Chez ADP (Automatic Data Processing) et chez Val Solutions, de véritables politiques d’inclusion sont mises en place pour favoriser l’emploi et le maintien dans l’emploi de personnes en situation de handicap.
La loi du 11 février 2005 pour « l’égalité des droits et des chances, la participation et la citoyenneté des personnes handicapées » renforce l’obligation pour toute organisation – privée et publique – d’au moins 20 salariés d’employer des travailleurs en situation de handicap dans une proportion de 6 % de l’effectif (articles L.5212-1 et L.5212-2 du code du travail). Et ce, sous peine de sanctions financières.

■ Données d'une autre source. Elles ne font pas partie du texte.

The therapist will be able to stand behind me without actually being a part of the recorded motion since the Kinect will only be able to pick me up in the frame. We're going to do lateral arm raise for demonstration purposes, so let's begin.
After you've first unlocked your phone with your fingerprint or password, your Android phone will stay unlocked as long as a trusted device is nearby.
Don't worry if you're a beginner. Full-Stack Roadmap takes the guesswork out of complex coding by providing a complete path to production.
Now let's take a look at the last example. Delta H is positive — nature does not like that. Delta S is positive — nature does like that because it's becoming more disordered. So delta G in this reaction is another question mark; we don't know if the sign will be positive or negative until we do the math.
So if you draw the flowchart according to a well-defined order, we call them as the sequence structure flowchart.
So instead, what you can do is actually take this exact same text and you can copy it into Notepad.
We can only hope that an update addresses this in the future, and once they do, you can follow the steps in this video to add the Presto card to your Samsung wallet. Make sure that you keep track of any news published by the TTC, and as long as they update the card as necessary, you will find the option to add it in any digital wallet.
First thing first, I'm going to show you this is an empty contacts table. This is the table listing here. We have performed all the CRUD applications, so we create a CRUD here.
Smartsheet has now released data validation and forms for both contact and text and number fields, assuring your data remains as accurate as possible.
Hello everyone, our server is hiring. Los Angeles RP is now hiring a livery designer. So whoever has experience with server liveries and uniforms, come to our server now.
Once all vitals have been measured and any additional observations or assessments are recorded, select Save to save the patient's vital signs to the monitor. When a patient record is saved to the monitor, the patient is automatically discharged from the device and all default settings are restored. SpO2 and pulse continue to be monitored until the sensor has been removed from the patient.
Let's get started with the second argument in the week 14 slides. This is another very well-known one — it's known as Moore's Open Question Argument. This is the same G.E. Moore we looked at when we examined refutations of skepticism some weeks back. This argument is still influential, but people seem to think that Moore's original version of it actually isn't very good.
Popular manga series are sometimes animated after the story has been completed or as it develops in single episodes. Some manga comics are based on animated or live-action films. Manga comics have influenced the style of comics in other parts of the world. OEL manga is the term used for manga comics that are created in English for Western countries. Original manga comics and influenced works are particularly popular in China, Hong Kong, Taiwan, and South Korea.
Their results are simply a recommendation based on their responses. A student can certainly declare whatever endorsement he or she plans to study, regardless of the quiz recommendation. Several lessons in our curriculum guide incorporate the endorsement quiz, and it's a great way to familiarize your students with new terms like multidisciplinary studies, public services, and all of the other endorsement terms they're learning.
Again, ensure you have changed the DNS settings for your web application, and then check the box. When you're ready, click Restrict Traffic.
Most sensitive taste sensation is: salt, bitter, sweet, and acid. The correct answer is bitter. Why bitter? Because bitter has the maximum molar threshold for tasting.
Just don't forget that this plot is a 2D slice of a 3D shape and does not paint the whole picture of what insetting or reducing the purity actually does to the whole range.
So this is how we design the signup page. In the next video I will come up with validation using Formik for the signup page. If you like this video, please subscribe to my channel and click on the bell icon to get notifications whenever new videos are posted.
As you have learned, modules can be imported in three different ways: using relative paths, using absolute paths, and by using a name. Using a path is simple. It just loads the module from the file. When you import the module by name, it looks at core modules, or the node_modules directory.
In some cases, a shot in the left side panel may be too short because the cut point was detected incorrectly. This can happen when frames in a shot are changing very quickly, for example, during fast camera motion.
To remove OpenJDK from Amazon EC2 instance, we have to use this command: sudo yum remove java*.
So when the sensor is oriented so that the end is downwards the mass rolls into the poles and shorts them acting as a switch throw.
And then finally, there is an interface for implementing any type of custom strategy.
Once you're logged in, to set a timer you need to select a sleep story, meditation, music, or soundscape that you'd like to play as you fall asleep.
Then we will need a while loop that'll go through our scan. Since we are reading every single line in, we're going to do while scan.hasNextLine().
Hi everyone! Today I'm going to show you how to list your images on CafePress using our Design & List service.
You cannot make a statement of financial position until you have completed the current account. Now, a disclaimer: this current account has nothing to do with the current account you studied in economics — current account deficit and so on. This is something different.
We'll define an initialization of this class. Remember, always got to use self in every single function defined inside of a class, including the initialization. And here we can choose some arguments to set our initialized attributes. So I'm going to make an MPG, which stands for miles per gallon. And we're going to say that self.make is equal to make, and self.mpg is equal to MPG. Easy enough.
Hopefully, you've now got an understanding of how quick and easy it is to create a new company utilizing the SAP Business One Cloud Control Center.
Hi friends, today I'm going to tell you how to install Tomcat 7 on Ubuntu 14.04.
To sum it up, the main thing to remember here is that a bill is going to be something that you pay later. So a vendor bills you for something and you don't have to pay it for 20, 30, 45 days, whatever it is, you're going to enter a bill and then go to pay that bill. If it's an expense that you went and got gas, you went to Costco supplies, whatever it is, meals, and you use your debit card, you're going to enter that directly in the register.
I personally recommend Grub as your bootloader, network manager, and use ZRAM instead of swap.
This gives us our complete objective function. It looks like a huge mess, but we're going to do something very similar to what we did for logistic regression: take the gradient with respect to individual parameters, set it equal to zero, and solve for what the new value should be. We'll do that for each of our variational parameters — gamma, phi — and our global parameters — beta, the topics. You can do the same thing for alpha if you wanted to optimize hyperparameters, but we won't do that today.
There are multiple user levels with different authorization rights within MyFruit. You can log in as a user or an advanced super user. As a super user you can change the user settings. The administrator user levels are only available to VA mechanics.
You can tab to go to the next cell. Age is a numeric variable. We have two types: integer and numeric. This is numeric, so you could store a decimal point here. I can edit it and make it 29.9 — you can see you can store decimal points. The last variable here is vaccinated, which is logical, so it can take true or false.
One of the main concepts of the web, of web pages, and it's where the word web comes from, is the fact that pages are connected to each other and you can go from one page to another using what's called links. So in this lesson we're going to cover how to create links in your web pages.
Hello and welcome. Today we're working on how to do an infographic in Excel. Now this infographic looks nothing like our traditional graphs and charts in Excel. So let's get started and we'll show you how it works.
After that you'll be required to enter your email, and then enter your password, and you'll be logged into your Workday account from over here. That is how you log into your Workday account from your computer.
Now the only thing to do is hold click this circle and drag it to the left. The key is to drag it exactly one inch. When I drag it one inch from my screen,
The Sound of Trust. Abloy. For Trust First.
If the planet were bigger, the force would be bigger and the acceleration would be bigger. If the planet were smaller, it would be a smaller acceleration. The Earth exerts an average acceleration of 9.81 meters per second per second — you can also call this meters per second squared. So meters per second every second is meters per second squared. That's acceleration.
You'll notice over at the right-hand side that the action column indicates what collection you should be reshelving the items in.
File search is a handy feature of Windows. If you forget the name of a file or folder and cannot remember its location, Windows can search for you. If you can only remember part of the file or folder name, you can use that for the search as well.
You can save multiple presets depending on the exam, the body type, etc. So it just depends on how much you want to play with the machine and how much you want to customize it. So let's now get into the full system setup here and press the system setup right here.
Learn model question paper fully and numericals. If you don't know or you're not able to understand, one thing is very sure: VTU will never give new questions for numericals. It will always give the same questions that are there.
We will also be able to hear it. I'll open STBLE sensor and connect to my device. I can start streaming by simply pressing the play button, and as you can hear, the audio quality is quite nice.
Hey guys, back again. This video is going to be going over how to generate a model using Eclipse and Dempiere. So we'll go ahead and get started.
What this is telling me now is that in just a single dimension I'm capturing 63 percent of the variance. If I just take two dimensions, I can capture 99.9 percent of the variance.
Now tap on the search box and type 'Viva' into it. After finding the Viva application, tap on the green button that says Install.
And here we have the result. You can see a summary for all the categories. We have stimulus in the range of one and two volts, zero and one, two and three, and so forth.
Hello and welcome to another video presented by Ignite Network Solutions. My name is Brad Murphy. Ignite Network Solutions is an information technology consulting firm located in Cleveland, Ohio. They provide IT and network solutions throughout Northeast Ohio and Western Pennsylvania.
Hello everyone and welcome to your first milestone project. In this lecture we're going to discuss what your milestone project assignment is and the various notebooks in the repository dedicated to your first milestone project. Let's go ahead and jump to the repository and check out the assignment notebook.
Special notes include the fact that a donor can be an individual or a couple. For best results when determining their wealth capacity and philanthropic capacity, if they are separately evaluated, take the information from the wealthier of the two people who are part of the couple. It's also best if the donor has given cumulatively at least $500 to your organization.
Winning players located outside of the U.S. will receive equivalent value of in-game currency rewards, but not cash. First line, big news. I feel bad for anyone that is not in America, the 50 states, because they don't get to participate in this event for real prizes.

En 2023, le taux d’emploi de personnes handicapées, c’est-à-dire le taux de travailleurs handicapés parmi l’effectif global des organisations de plus de 20 salariés, était de 3,6 %, taux stable depuis plusieurs années selon la Dares, le service de statistiques du ministère du Travail. L’objectif des 6 % de la loi est donc loin d’être atteint !
Pourtant, des entreprises parviennent à dépasser ce taux. C’est le cas d’ADP en France (Automatic Data Processing), fournisseur de solutions et services dans le domaine de la gestion des ressources humaines. Cette entreprise a mis en place depuis 2010 une politique volontariste afin de favoriser l’emploi et le maintien dans l’emploi de collaborateurs en situation de handicap. En 2023, elle a signé, avec l’ensemble de ses partenaires sociaux, son 5e accord Handicap et est ainsi passée d’un taux d’emploi de personnes handicapées de 4,3 % en 2018 à 7,2 % en 2023.
« Nous sommes convaincus que chaque personne compte, que la diversité est une richesse », affirme Anne Chambron, chargée QVCT et référente nationale de la mission Handicap chez ADP.
« De janvier à septembre 2024, nous avons effectué 15 aménagements de poste. »
Anne Chambron, chargée de QVCT chez ADP.
L’accord Handicap d’ADP
Chez ADP, l’accord comprend plusieurs mesures.
- L’embauche. « Tous nos métiers sont accessibles aux personnes en situation de handicap », note Anne Chambron.
- L’accueil et l’insertion. Cette mesure permet à tout nouveau collaborateur présentant un handicap d’être accompagné dans ses nouvelles fonctions. Un tutorat de trois mois renouvelable une fois peut être mis en place avec un salarié de la même équipe qui l’aide à s’intégrer. Un aménagement du poste de travail peut également être effectué si besoin.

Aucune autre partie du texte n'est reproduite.